Fury, 52, of Shilton Lane in Shilton at the time, had pleaded guilty to acts intended to pervert the course of justice following the fatal collision in April last year.

Earlier this year his son Matthew Fury, 21, also of Shilton Lane at the time, was jailed for two years for causing the death of 39-year-old father-of-three Leonard Gaskin.




Prosecutor Sharon Bahia said Mr Gaskin had been holding a torch as he was jogging along Coventry Road, Bulkington, at 9.45pm when he was hit by a BMW driven by Matthew Fury, who was on his phone to his girlfriend at the time.

Witnesses saw a man get out of a car further up the road, look back, and then get back in and drive off.


“Matthew Fury returned home and spoke to his father and mother, and remained there while the defendant and his wife returned to the scene,” said Miss Bahia.

Noah Fury was standing by the car, which had damage to it, when he was approached by a police officer who asked whether he had been driving it at the time.

He replied: “Yes, I’ve just been to Bulkington to get some milk. I was on my way home. I didn’t see anything, and the next thing there was a bang.”

Miss Bahia told the court: “He was distressed. The deceased and he had been living on the same site for some 30 years.”

Fury was arrested, but the police were suspicious, and later went to the family’s home where Matthew was also arrested.

When he was interviewed the next afternoon Matthew admitted he had been driving, and later Noah, unaware of his son’s confession, admitted lying about being the driver.

Tim Sapwell, defending, said Noah Fury had asked him to say: “We’ve known these people for 30 years as friends and neighbours, and we want them to know how sorry we are. I was not thinking straight when I spoke to the police at the scene. I am very sorry.”

And Mr Sapwell told the judge: “I have been doing this job for 19 years. Mr Fury is without doubt the most trepidatious and most obviously scared and remorseful person I’ve come across in that time.”

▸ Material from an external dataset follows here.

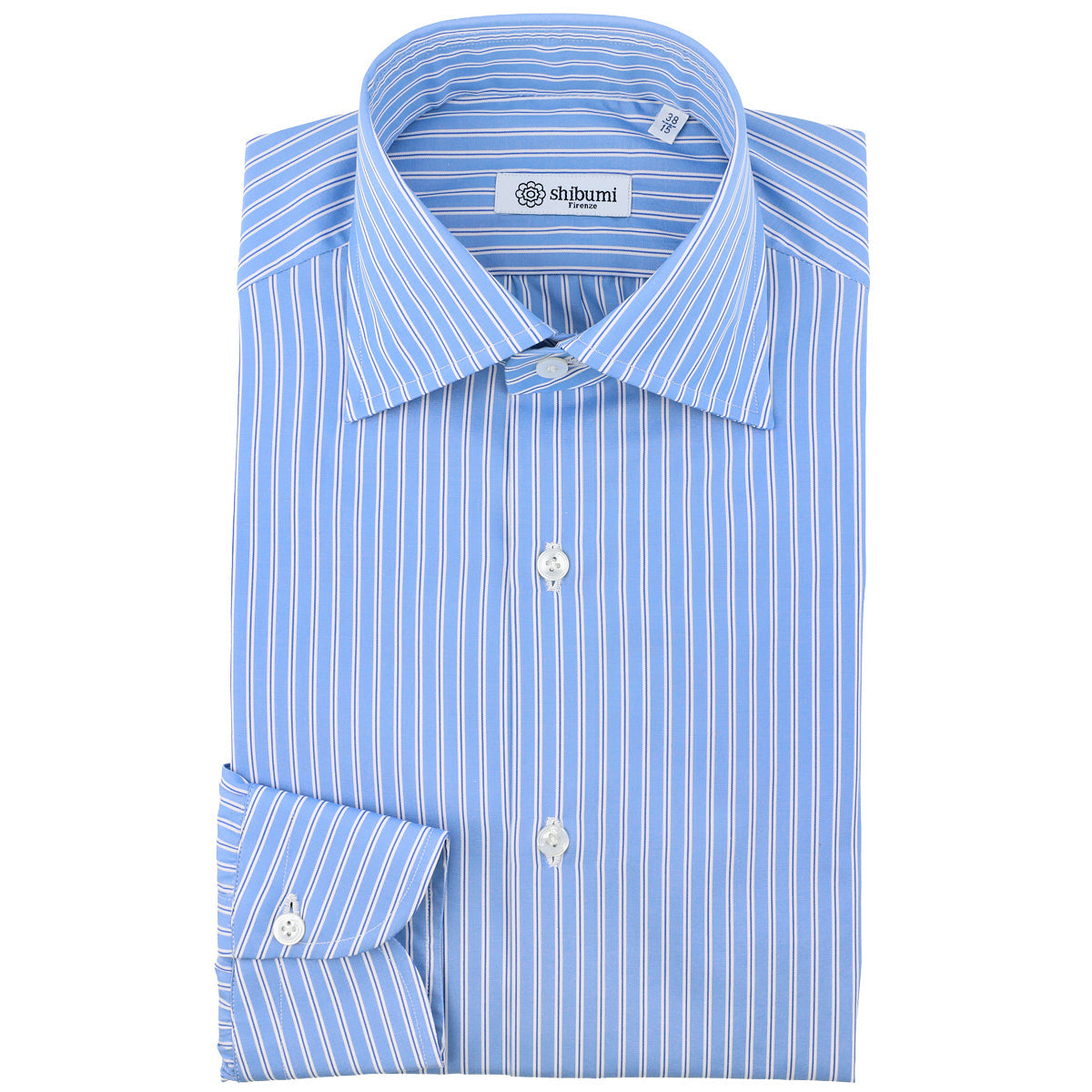 Poplin Semi Spread Shirt Halo Stripe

Arguing that the sentence could be suspended, he said Fury had been ‘visibly distressed and shocked’ at the scene.

“His intention to commit the offence was formed in an instant in response to a direct question. His motive was misguided parental love.”

He added Fury had moved his family away from the area to give space to the Gaskin family.

Judge Andrew Lockhart QC told Fury: “Your son arrived home in panic, and you sought to assist him in a misguided way.

“You decided, on the spur of the moment, actively to mislead the police enquiry.

“It is plain you were very upset, but you did not do anything to let the police know what the true position was.

“This was a serious offence of perverting the course of justice when there was an investigation into a death.

“There is no doubt you acted in a traumatic situation in panic, but that should have stopped very much sooner than it did.

“I accept what Mr Sapwell said about you expressing your remorse. But I find that where there has been a misleading statement made at the scene of a fatal road traffic collision, the public would want to know that is viewed so seriously that only an immediate custodial sentence is justified.”